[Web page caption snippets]
※ ※ ※
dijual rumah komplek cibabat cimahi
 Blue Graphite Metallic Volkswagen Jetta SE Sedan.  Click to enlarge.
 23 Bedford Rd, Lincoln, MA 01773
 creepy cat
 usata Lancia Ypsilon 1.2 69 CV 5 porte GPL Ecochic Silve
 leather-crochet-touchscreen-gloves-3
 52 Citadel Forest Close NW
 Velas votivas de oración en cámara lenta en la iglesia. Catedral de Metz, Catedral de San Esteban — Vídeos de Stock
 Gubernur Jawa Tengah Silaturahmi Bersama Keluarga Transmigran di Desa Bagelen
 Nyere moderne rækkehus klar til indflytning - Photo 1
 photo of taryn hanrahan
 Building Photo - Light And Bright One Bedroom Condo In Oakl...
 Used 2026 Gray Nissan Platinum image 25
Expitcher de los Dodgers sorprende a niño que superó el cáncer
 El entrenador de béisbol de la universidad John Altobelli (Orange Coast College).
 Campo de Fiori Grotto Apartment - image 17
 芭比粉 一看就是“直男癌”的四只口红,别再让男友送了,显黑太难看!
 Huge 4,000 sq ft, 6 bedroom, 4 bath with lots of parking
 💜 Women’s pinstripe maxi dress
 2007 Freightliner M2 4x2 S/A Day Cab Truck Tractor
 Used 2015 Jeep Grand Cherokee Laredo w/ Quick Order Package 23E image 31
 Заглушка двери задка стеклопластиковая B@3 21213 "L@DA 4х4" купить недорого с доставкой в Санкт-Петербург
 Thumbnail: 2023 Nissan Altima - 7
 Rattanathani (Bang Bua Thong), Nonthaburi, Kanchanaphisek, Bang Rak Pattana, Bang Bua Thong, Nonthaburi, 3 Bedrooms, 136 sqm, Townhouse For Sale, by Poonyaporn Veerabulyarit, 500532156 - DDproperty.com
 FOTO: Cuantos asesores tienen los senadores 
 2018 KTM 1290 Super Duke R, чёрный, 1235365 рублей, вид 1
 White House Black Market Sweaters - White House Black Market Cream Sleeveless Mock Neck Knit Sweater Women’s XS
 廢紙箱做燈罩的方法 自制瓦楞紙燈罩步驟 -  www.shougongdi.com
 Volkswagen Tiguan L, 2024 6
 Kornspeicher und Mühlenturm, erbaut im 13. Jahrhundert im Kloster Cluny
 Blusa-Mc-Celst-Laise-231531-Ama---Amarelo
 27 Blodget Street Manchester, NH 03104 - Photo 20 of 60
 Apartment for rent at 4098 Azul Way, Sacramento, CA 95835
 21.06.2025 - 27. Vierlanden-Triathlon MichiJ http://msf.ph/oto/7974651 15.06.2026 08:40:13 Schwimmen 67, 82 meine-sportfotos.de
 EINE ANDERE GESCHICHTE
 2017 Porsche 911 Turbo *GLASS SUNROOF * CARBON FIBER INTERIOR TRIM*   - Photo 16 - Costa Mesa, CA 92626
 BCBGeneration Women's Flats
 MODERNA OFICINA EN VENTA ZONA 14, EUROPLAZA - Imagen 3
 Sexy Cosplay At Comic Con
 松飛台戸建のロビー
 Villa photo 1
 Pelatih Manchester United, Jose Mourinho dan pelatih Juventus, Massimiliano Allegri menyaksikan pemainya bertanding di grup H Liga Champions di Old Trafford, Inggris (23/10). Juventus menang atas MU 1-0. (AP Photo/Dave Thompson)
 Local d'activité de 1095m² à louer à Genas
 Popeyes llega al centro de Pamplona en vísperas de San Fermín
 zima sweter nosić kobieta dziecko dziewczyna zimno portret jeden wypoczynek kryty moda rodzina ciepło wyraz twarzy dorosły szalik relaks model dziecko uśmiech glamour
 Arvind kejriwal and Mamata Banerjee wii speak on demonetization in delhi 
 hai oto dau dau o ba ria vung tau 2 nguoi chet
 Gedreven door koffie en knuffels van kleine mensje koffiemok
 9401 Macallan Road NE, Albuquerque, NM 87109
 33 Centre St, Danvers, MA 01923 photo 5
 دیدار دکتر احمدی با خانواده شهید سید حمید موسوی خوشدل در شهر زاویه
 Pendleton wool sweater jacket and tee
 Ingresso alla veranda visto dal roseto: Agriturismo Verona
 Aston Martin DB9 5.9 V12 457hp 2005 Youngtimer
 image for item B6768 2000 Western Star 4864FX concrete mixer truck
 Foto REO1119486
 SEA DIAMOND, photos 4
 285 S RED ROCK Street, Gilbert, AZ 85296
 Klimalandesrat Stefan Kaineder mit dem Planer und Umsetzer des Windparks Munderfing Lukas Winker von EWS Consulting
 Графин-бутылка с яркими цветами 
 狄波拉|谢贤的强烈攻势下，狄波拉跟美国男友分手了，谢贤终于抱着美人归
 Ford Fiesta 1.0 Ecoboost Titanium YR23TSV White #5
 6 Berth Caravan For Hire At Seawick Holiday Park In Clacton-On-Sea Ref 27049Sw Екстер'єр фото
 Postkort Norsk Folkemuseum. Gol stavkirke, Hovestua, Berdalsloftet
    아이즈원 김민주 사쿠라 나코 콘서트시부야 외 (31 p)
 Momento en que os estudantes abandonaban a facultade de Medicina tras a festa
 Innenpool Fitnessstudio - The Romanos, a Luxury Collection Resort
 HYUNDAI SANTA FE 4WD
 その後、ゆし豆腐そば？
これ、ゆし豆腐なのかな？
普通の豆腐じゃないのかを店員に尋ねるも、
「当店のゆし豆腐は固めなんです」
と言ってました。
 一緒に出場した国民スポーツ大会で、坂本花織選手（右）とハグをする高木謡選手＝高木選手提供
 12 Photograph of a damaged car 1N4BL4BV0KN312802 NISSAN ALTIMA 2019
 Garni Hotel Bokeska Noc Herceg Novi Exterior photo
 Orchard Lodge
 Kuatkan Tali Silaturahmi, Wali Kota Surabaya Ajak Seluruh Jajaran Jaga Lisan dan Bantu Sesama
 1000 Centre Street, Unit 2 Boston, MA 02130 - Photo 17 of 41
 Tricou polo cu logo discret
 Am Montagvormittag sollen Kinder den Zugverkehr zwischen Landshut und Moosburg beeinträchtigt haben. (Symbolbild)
※ ※ ※
→ Work to complete:
An exact copy of the lines above between the line holding "Garni Hotel Bokeska" and the line holding "Tricou polo cu logo discret", inclusive, is the whole answer.

→ Output of the exercise:
 Garni Hotel Bokeska Noc Herceg Novi Exterior photo
 Orchard Lodge
 Kuatkan Tali Silaturahmi, Wali Kota Surabaya Ajak Seluruh Jajaran Jaga Lisan dan Bantu Sesama
 1000 Centre Street, Unit 2 Boston, MA 02130 - Photo 17 of 41
 Tricou polo cu logo discret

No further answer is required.